Им всем было здесь по девятнадцать, по двадцать три, самое большее — тридцать лет…
Баграмов, с отросшей седой бородой, в свои тридцать восемь даже сам считал себя стариком, а их ощущал сыновьями.
Он кормил их с ложки — они выплевывали баланду, отворачивались, но он их снова насильно кормил, уговаривая каждого:
— Скушай, ну, скушай…
— Холодной воды! — требовал больной.
— Еще две-три ложечки съешь, тогда дам воды!
Он следил за их температурой и пульсом, бродил между койками, укрывал им шинелями ноги, подавал и убирал подкладные судна, сливные ведерки…
На другой день после того, как Степка-фашист был доставлен сюда без сознания, в дверь изолятора постучали.
Баграмов выглянул в коридор.
— У вас тут, папаша, заразный барак для персонала? — даже заискивающе обратился к Емельяну толстомордый, по-граждански чисто одетый малый. За его спиною стоял такой же второй. От обоих несло резким запахом цветочного одеколона.
— Здесь тифозный изолятор, — ответил Баграмов, не понимая, что это за странные штатские люди.
— А Степа тут? — кося глазом, спросил толстомордый.
— Что за Степа?
— Шеф-повар! Не знаешь, что ли?! — удивился, почти возмутился второй.
— Лежит.
— Ну как он? — заботливо спросил первый, как о больном ребенке.

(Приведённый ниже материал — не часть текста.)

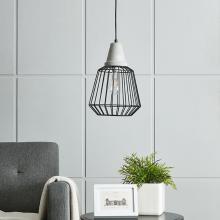 Brayonne Black Cage Pendant Lamp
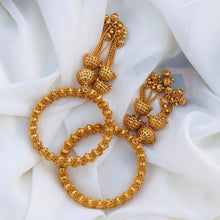 Royal Antique Gold Filigree Jhumka Style Bridal Hand Harness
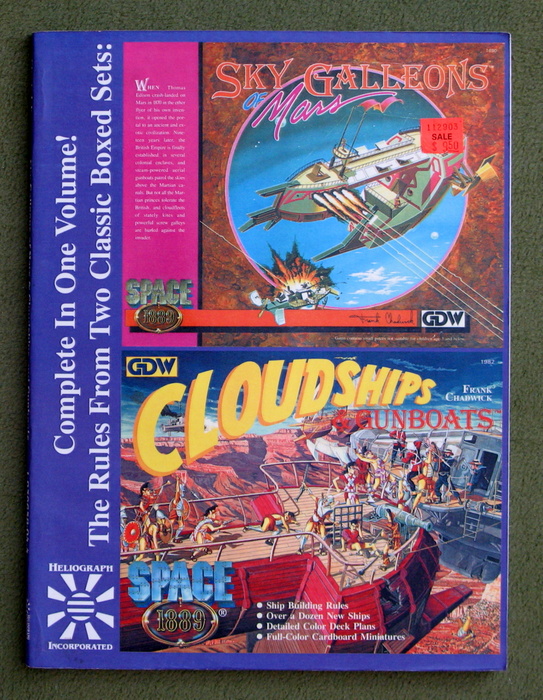 Image for Sky Galleons of Mars / Cloudships & Gunboats (Space 1889 Sci-Fi Roleplaying)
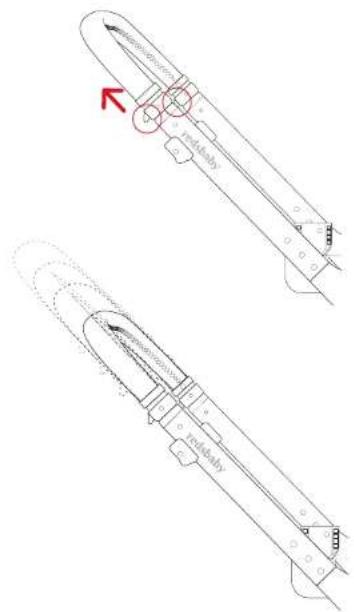 Redsbaby METRO 2 - Adjusting the handle - 1
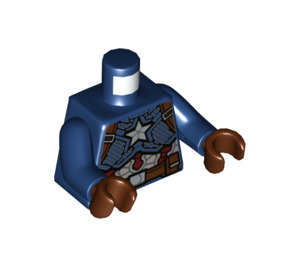 LEGO Kapten America med Chin Strap Minifigur Kropp (973 / 76382)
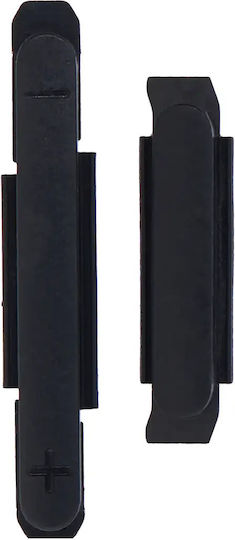 Hard Buttons Power Volume Microsoft Surface Pro X 13" Qwz-00001 Black 2 Piece Set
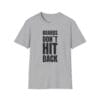 Boards Don’t Hit Back tee in gray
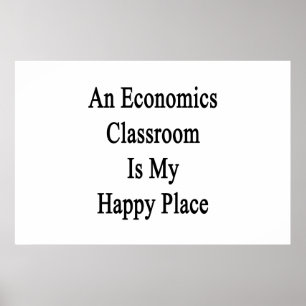 Een klaslokaal voor de economie is mijn gelukkige  poster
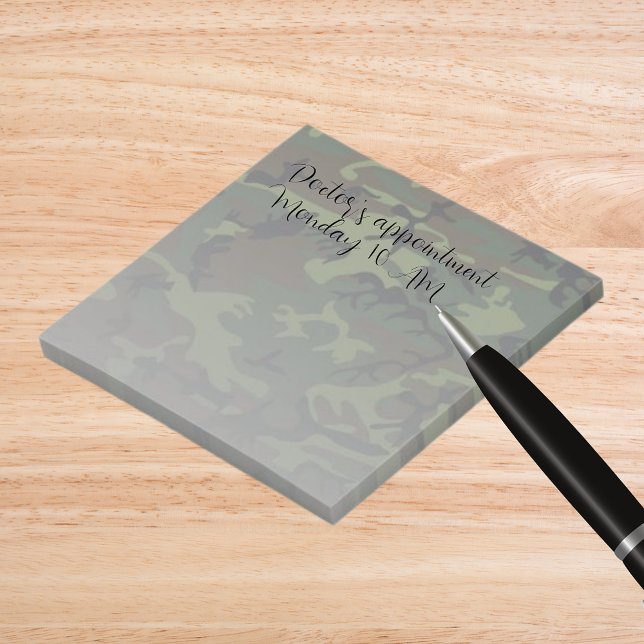 Militärische Green-Camouflage Post-it Klebezettel (Military Green Camouflage Post-it Notes)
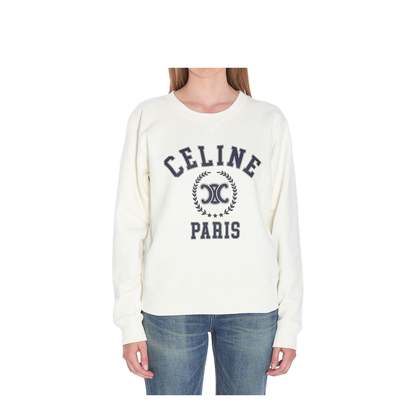 Oversized Sweatshirt in Cotton Fleece - Image 1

— Плохо! — коротко отрезал Баграмов.
— Мы вот ему принесли покушать… Один из них протянул узелок в белоснежной салфетке. У Баграмова подступила к горлу спазма бешенства.
— Уж вы тут о нем позаботьтесь… Мы вам отплатим — подкинем мясца, сахарку… — искательно
— Будьте спокойны, — пообещал Емельян, сдержавшись.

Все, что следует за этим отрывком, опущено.